Él le pasó el brazo por el suyo.

—¿Qué pasa, Síle?

—Nada, probablemente. No lo sé —añadió un minuto después.

—¿Os va bien a ti y a Kathleen?

—No —dijo sombría—. Todo va bien. Como siempre.

—¿Estás aburrida? ¿O algo así?

Síle soltó su brazo.

—Kathleen no es aburrida. Sé que a ti y a Jael no acaba de caeros bien, pero eso se debe en parte a que a ella no le gusta entrometerse…

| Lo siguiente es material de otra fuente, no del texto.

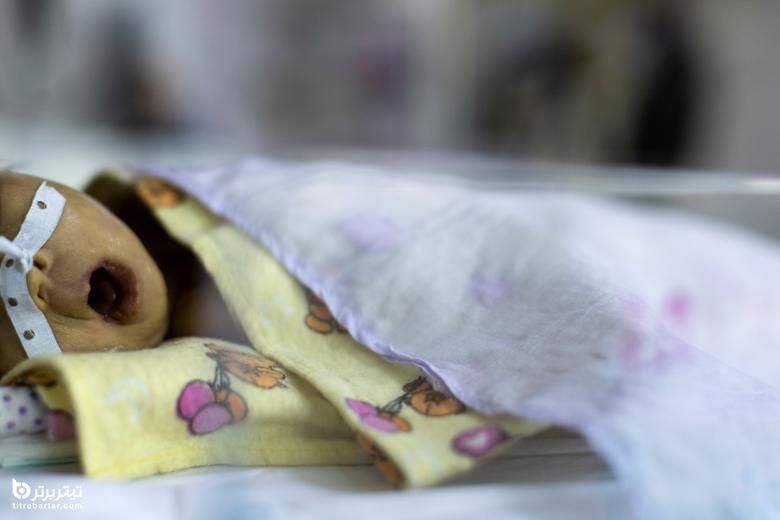 تصاویر شفاخانه اطفال کابل با فروپاشی سیستم صحی افغانستان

—No he dicho que fuera aburrida —le interrumpió dulcemente—. Te he preguntado si tú te aburrías.

Síle no respondió. Podría haber dicho que no. O que sí. O ni más ni menos que los últimos años. Golpeó con el pie una rama que tenía delante. Habló entre dientes:

—No tiene que ver con el aburrimiento. No tiene que ver… No buscaba nada, ¿sabes?

—Sé que no. —Esperó—. ¿Está poniéndose la cosa seria con la Jude está?

—No puede —dijo Síle en voz muy baja—. Y si lo analizas con objetividad, no tenemos absolutamente nada en común. Ella es joven, está encajada en Quinto Pino, Ontario, y su idea de una noche de marcha es ver un pase de diapositivas sobre puntas de flecha Ojibway. —Sintió que la traicionaba con este ejemplo.

Marcus no dijo nada.

—Y aunque es divertido que nos enviemos boletines, al final se quedará en nada. Las cosas son así.